Шопен, соната номер два. Рассказы - стр. 4
В Россию въехали со стороны Орши, и хотя в узкие продолговатые оконца могли смотреть только те, кому достались верхние нары, мы, нижние и средние, и без того догадывались, что едем по России: исчезала едкая сырость Балтики, в щелястый пол начало подбивать сухим снежком, морозно, остро пахло близким зимним лесом, а на безвестных станциях вдоль эшелона хрустели торопливые шаги, и было щемяще-радостно узнавать родную сторону по бабьим и детским голосам, по их просительным выкрикам: «Картошка! Картошка! Кому варёной картошки?!», «Есть горячие шти! Шти горячие!», «Покурим, покурим! – И, пытаясь пошутить, весело повести торговлю, должно быть, вдовая молодуха прибавляла нараспев: – Самосадик я садила, сама вышла прода-а-ва-ать…»
Но всё это было ещё в январе.
Теперь же шла весна, и мы находились в глубоком тылу, вдалеке от войны.
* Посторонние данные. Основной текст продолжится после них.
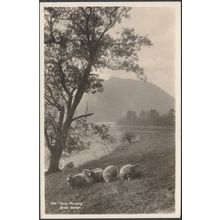 Early Morning, Rydal Water, Westmorland, 1954 - GP Abraham RP Postcard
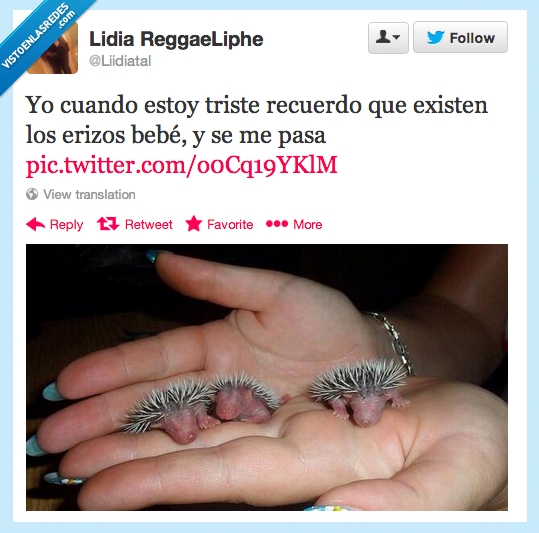 muy pequeños,tierno,pequeños,Bebés,Erizos,no me peguéis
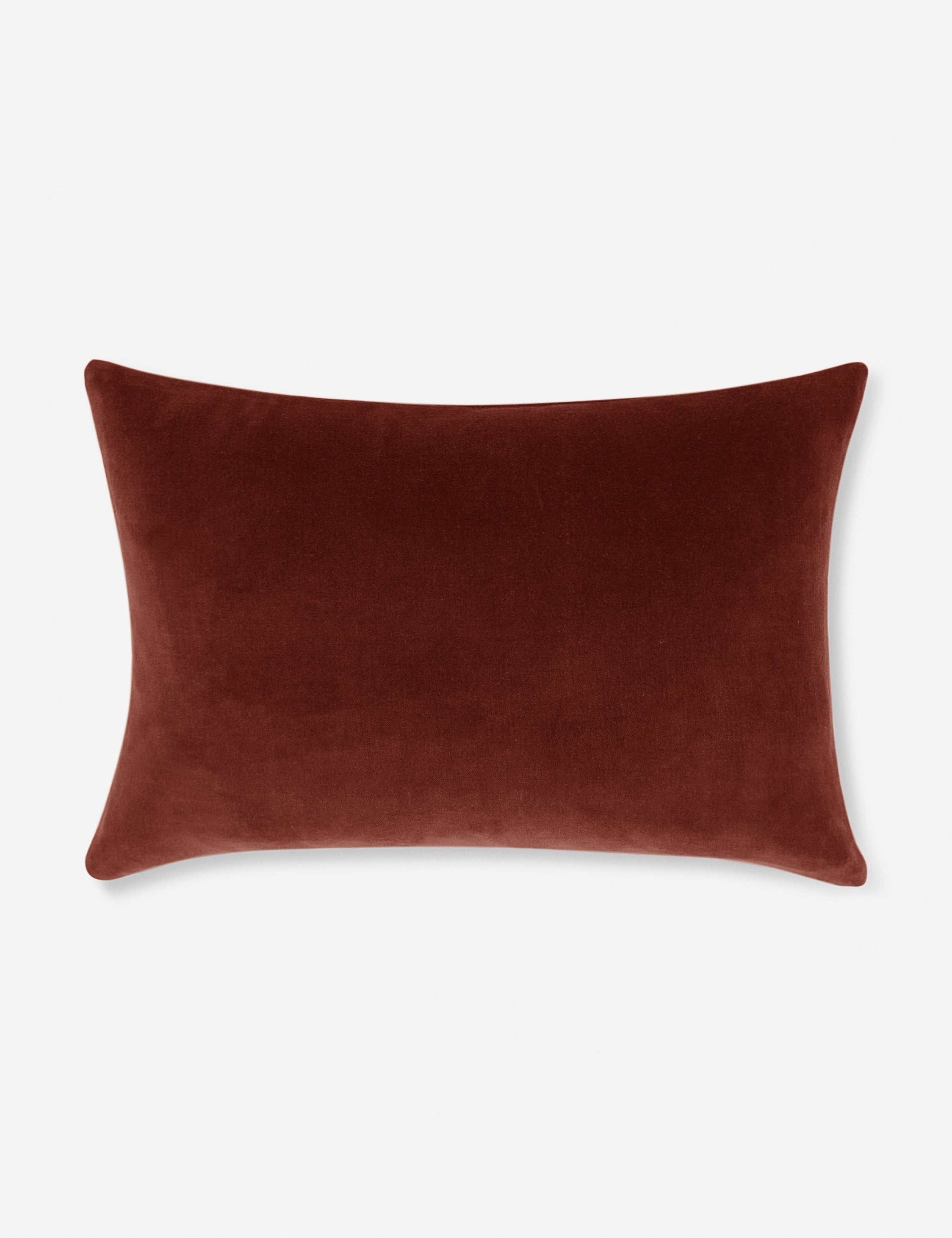 Charlotte Velvet Pillow - Soft Luxury Decorative Throw Pillow for Sofa, Bed & Couch - Perfect for Living Room, Bedroom & Home Decor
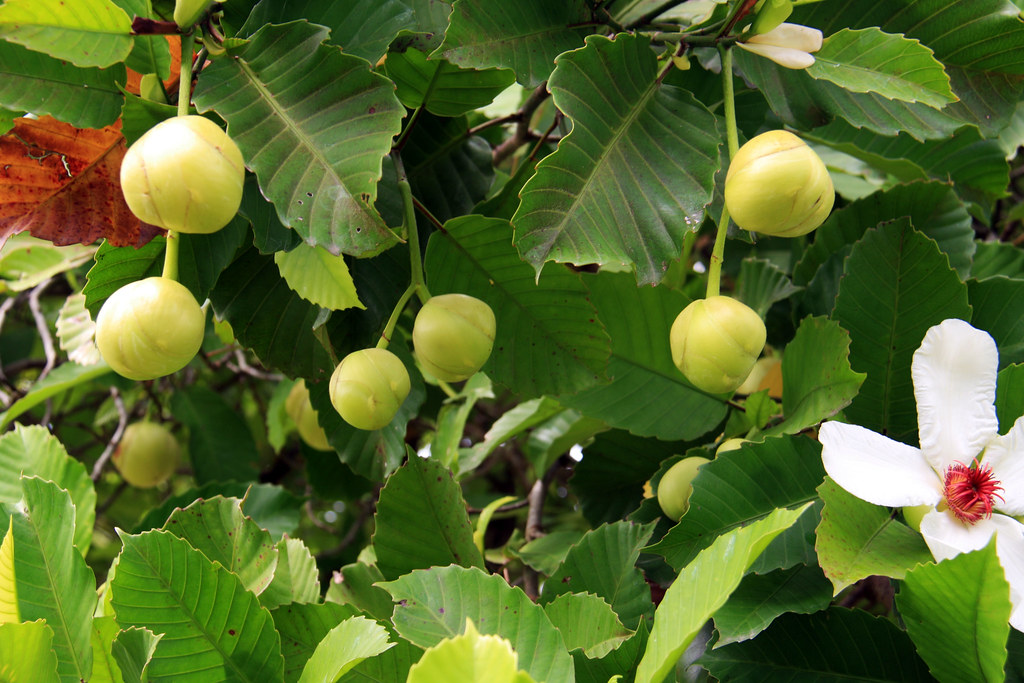 manfaat Tanaman Dillenia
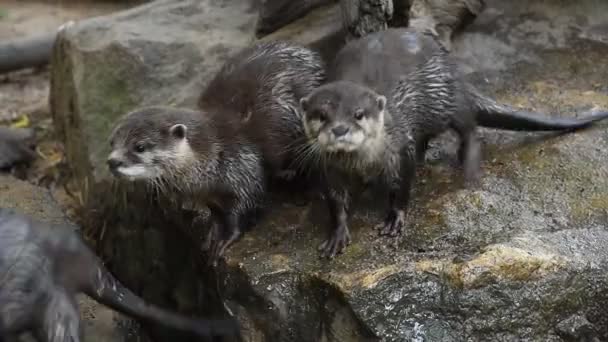Several river otters run and scream on rocks — Stock Video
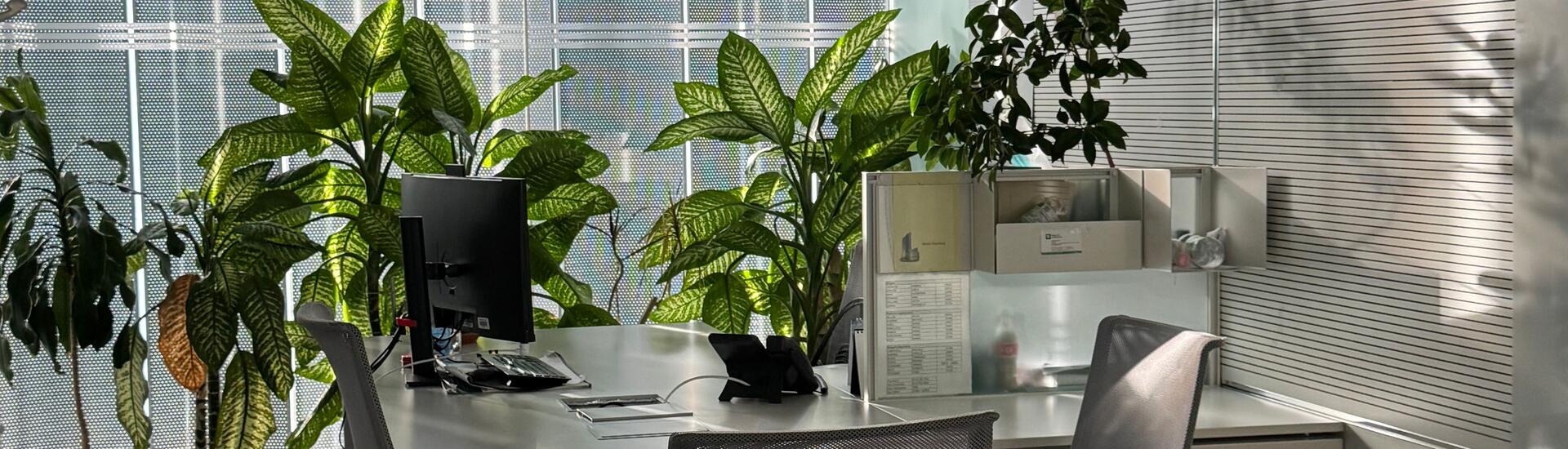 bureau, plante, webinaire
– Интересно, где теперь наши? – спрашивал, ни к кому не обращаясь, лежавший в дальнем углу Саша Селиванов, смуглый волгарь с татарской раскосиной. В голосе его чувствовалась тоска и зависть.
Войска восточнопрусского направления шли уже где-то по полям Померании, и мы, вслушиваясь в сводки Совинформбюро, пытались напасть на след своих подразделений. Но по радио не назывались номера дивизий и полков, все они были энскими частями, и никто не знал, где теперь топают ребята, фронтовые дружки-товарищи. Иногда в палате разгорался спор о том, как считать: повезло ли нам, что хотя и такой ценой, но мы уже как-то определились, или не повезло…
– На войне, как в шахматах, – сказал Саша. – Е-два – е-четыре, бац! – и нету пешки. Валяйся теперь за доской без надобности.
Сашина толсто загипсованная нога торчала над щитком кровати наподобие пушки, за что Сашу в палате прозвали Самоходкой.
К ноге с помощью кронштейна и блока был подвязан мешочек с песком, отчего Саша вынужден был всё время лежать на спине, а если и садился, то в неудобной позе, с высоко задранной ногой.
– Теперь мат будут ставить без нас, – задумчиво продолжал он.
– Нешто не навоевался? – басил мой правый сосед, Бородухов.
– Да как-то ни то ни сё… Шёл-шёл и никуда не дошёл… Охота посмотреть, как Берлин будут колошматить.
– Зато дома наверняка будешь. А то мог бы ещё два аршина схлопотать… Под самый конец.
Бородухов заметно напирал на «о», отчего речь его звучала весомо и основательно. Был он из мезенских мужиков-лесовиков, уже в летах, кряжист и матёр телом, под которым тугая панцирная сетка провисала как верёвочный гамак.
Минные осколки угодили ему в тазовую кость, но лежал он легко, ни разу не закряхтев, не поморщившись. С начала войны это четвёртое его ранение, и потому, должно быть, Бородухов отлёживал свой очередной лазарет как-то по-домашнему, с несуетной обстоятельностью, словно пребывал в доме отдыха по профсоюзной путёвке.